In the agricultural sector there are two basic co-operative models, the marketing or output co-operative and the supply or input co-operative. This report primarily focuses on the marketing and output co-operative, especially in the meat industry sector.

Globalization has seen some very significant changes in the value chain, between producer and consumer, with power shift changes giving supermarkets significant advantages.

Supermarkets have been consolidating and are increasingly operating across borders. Consumer preferences for their food requirements are moving towards the so called ‘ready made meal’ or ‘quick food’ range of products.

Meat marketing companies, which supply supermarkets, and other outlets, with consumer products, have had to adapt to remain competitive. They have and are currently adopting strategies that revolve around:

  1. Economies of scale ( horizontal integration)
  2. Increasing control in the value chain ( vertical integration)
  3. Product Development
  4. Diversification
  5. Specialization

Many of these strategies are capital intensive.
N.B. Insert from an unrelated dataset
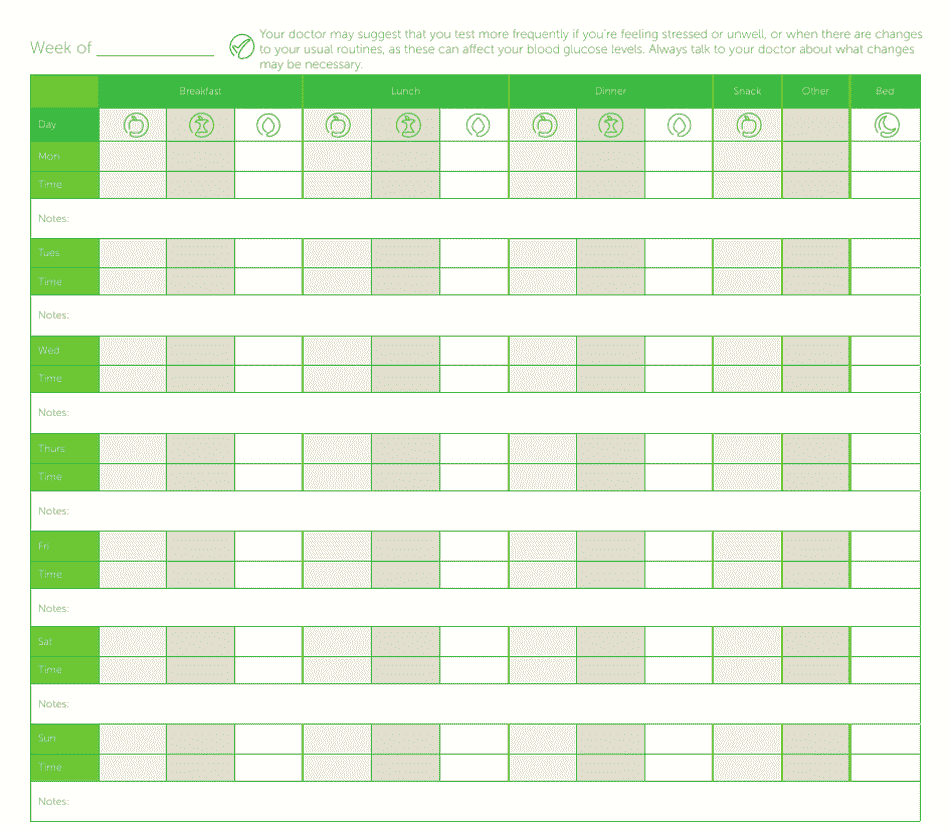 Blood Glucose Logbook - Lifescan, Page 4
Co-operatives operating in this sector have all adopted one or more of these strategies, but to overcome the co-operative problem of raising capital they have developed a range of solutions.

These solutions often involve some form of structural change and tend to move the co-operative away from the traditional model towards the investor owned firm (lOF) model( which is not a co-operative), with many alternatives in-between.

As the co-operatives progress away from the traditional model towards the IOF, issues arise around the level of control the co-operative members retain and in some cases the conflicting demands for profit distribution.

Finally, this report briefly looks at seven case studies of co-operatives (in their various forms) which give an insight into the mechanisms which have been adopted to fund their strategic goals and how the potential friction between member shareholders and investor shareholders are managed.